HR sustenta os seus argumentos contra, na existência de outras doutrinas mais modernas, baseadas noutros factores preponderantes e eficazes, na prevenção e na repressão, mais do que no simples agravamento da moldura penal para aqueles crimes. Exprime da leitura que faz a sua dúvida quanto à insuficiência para se atingir o desiderato político criminal a que o Estado angolano se propõe. Estado, entenda-se Governo angolano.

Faz notar o direito que assiste ao Sr. Presidente da República, do "veto político", tal como considera a sua oposição salutar e enriquecedora da cultura democrática e robustez do diploma. O mesmo HR não nos faz saber por que razão entende que o agravamento se não haveria de traduzir em maior sucesso, como não basta que afirme que nas doutrinas hoje dominantes as penas de prisão vêm demonstrando a sua ineficácia, enquanto instrumentos de política criminal e, por isso, em curso de substituição.
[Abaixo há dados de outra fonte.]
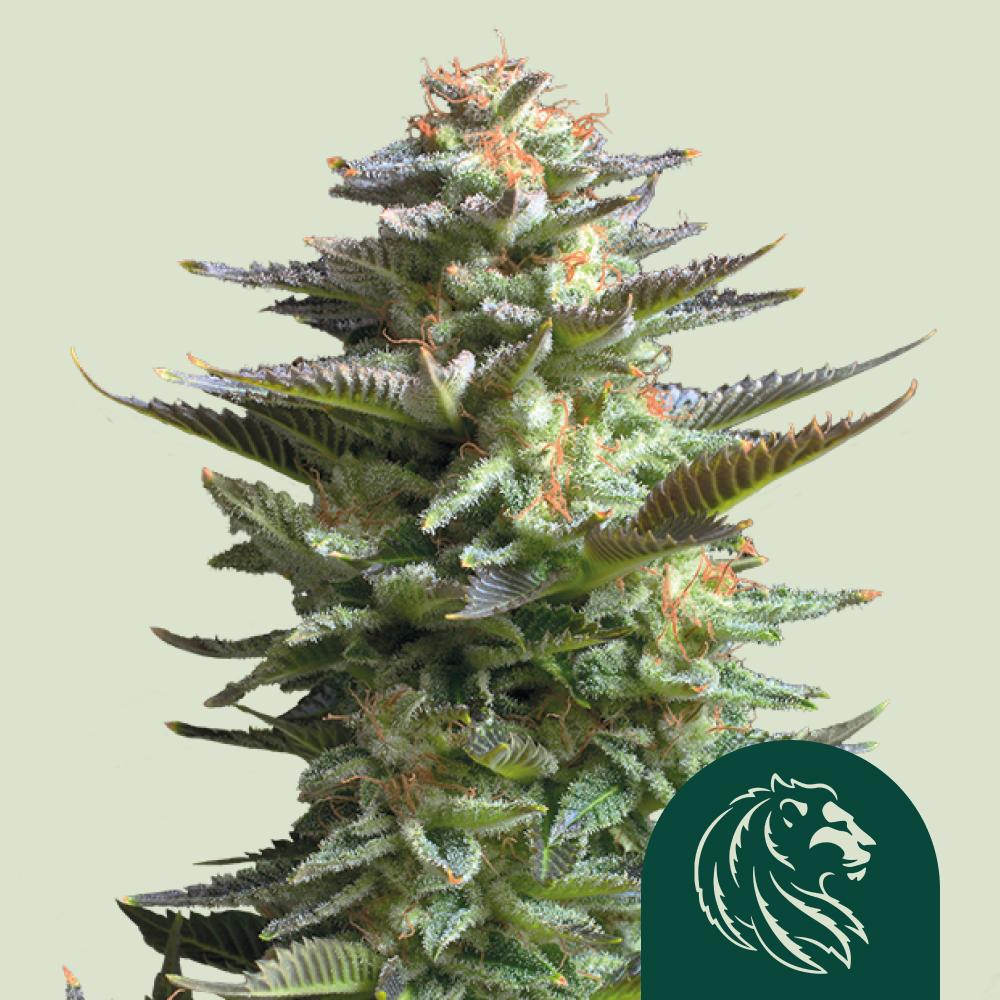 Amnesia Haze Feminized Esrar Tohumu (Royal Queen Seeds)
Sendo esta pela sua natureza, matéria do âmbito jurídico, difícil fica a quem não seja versado, ademais neste ainda mais complexo ramo do Direito, argumentar. Mas como o veto se fundamenta em razão política, vamos poder reflectir outras visões, outros argumentos. Não é certamente nada que se pareça ao "exo planeta" descoberto há 23 milhões de anos luz e 3.200 graus de temperatura.

Primeiro: é ou não verdade que a Nação vive, sabe e convive com uma categoria de dirigentes, empresários, seja no partido dominante, seja no Governo, associada à má versão dos bens públicos, à sua apropriação privada, ao mau uso dos cargos, ao encobrimento dos malfeitores e à sua impunidade?

O projecto político e as promessas que o Governo representa há vários ciclos revelam mais os fracassos ou mais os sucessos das aspirações sociais da Nação, mesmo diante dos resultados eleitorais, mais que confortáveis?

Existem forças sociais e políticas de menos ou existe mais gente de menor qualidade, afeiçoada à lógica da integridade e da defesa do bem comum, para liderar capazmente os destinos da Nação?

Será socialmente adequado que a justiça angolana, já tão ferida de credibilidade, ignore a dimensão e a grandeza, o volume e a frequência com que se depara com casos de improbidade, corrupção e desvios de conduta, de evidentes suspeitos?

É ou não o velho e crónico domínio partidário, empecilho cúmplice do aparelho do Estado e da sobrevivência dos poderes políticos, que em regra presta o deplorável serviço público, gerador das incompetências, do roubo e da corrupção banalizada, mas à farta?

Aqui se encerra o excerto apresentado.